Perfect. Thank you. Just following on from that, can you perhaps give a feel for what you'd expect your, I guess, CapEx at the moment? It's relatively modest. What that would increase to above and beyond the water handling when the pipeline restarts and you accelerate investment in drilling and other related spend again?
I'm sure, yeah. I mean, I think obviously we would look to restart our drilling campaign. That will take some time following opening of the pipeline and surety of payments. We would look to restart drilling. That will take a little bit of time. Depending on when that speed or when that occurs will depend on kind of if you're looking at annual spend budget next year, a bit difficult to predict. Other than, say, we were to drill two wells, two wells would be notionally BMD 40 million net to GKP on top of this existing budget. There may be a few other bits and pieces that we would look to do improvements around that we've been kind of, we've been delaying as a result of our cash position currently.
All right. Thank you.
Thank you so much, sir. Our next question will be coming from Charlie Sharp of Canaccord . Please go ahead.

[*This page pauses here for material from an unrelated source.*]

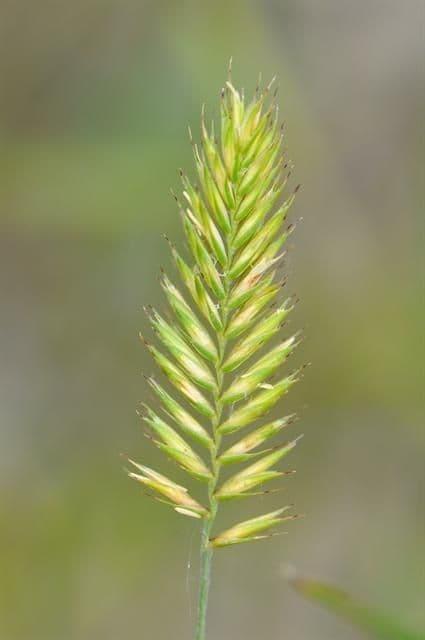 Gramigna crestata 7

Yes. Good morning, and thank you very much for taking my call. Can I ask you, if I may, a sort of three-part question? I know it's a bit of a naughty thing, but analysts always do that. The first thing is just a reminder of what the current throughput is at PF1 and PF2. Secondly, do you see the water handling project at PF 2 kind of being rolled over, if you like, onto PF1 additionally next year? In other words, maybe PF1 might be sanctioned, yes, next year and lag 12 months for P F 2 water handling. Following your comments about drilling, perhaps next year if there are exports, do you think that there may be drilling even if there are continued local sales?

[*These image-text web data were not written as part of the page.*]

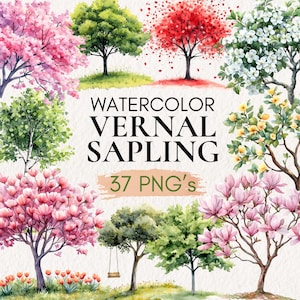 Könnte beinhalten: Aquarellillustrationen verschiedener Bäume in voller Blüte, die lebendige Farben wie Rosa, Rot, Grün und Weiß zeigen. Das Bild enthält den Text "Watercolor Vernal Sapling" und "37 PNG's". Die Bäume sind im Aquarellstil dargestellt.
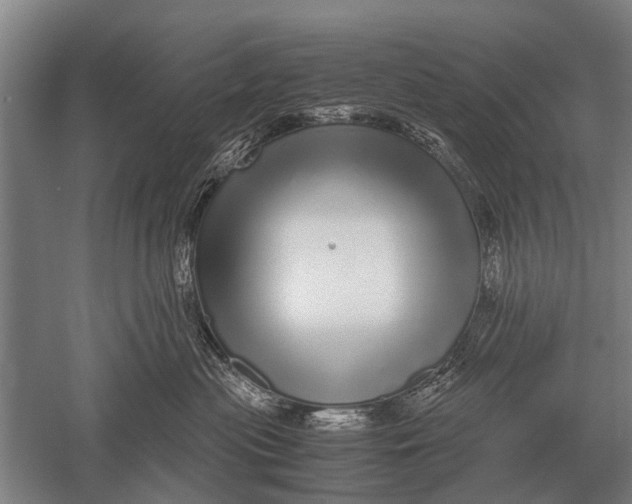 X0000051250477200507082155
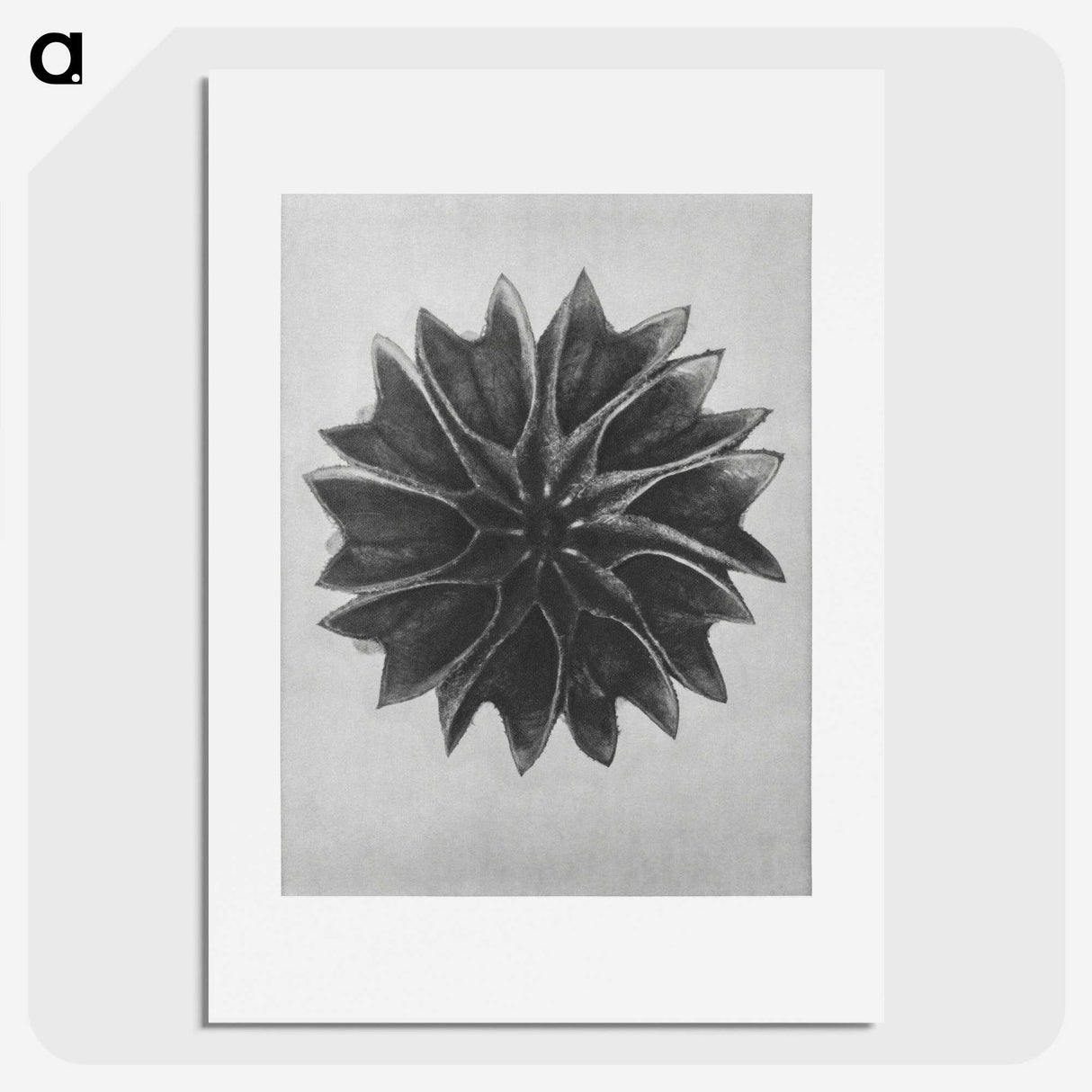 1-35_Karl-Blossfeldt_picture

Okay. First question was throughput PF1 and PF2. I think we already said the capacity of PF1 and PF2 are about 30,000 bbl, 31,000 bbl a day of dry oil each. Current throughput is 26,000 bbl a day through PF1, 19,000 bbl through PF2. Will we put water handling next year at PF1 following PF2's installation next year? The answer is the wells that feed PF2 are lower in structure and therefore, the whole structure is slightly tilted to the east. The wells are slightly lower and therefore closer to the aquifer. What we've seen is a number of wells are constrained at PF2 and we don't have similar issues at PF1 at the moment. In the lifecycle of the field, we would expect the water to encroach on PF1, but it isn't a next-year problem. It's later in the development cycle.
I'm not going to hazard a guess at what that will be, but there are plans to put it in, but it's not soon, hopefully. Would we consider drilling in local sales? I think if there was a stability around that, around a kind of geopolitical solution, and we thought that that was going to be the remaining intent going forward, but that isn't the intent. Of course, the intent is to export. If that were, we may well consider drilling, but it's not something we are contemplating at this moment in time. That's perfect. Thank you.

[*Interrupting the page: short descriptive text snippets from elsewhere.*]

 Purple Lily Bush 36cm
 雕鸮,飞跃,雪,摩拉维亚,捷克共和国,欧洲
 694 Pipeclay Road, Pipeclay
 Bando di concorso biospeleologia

Thank you very much, sir. Next question will be coming from David Round calling from Stifel. Please go ahead. Your line is open, sir.
Great. Thanks, George. Can I start with just a follow-up on Charlie's question there on the water handling, please? On the P F 2, I remember we talked about it years ago, but would you mind just reminding us how many wells are constrained by water, what the handling is there at the moment, and where you hope to get to? I don't have those numbers to hand. I'd appreciate just a bit of color around what you're producing at the moment. Second question, just on the export pipeline, and I guess it's probably another way to ask about the drilling, but if it was to reopen tomorrow, to what extent could you ramp up production? I suppose I'm taking a baseline from maybe your 47,000 bbl, 48,000 bbl you were doing at the start of this year. Could you go much higher than that? Finally, I'll call it a third part.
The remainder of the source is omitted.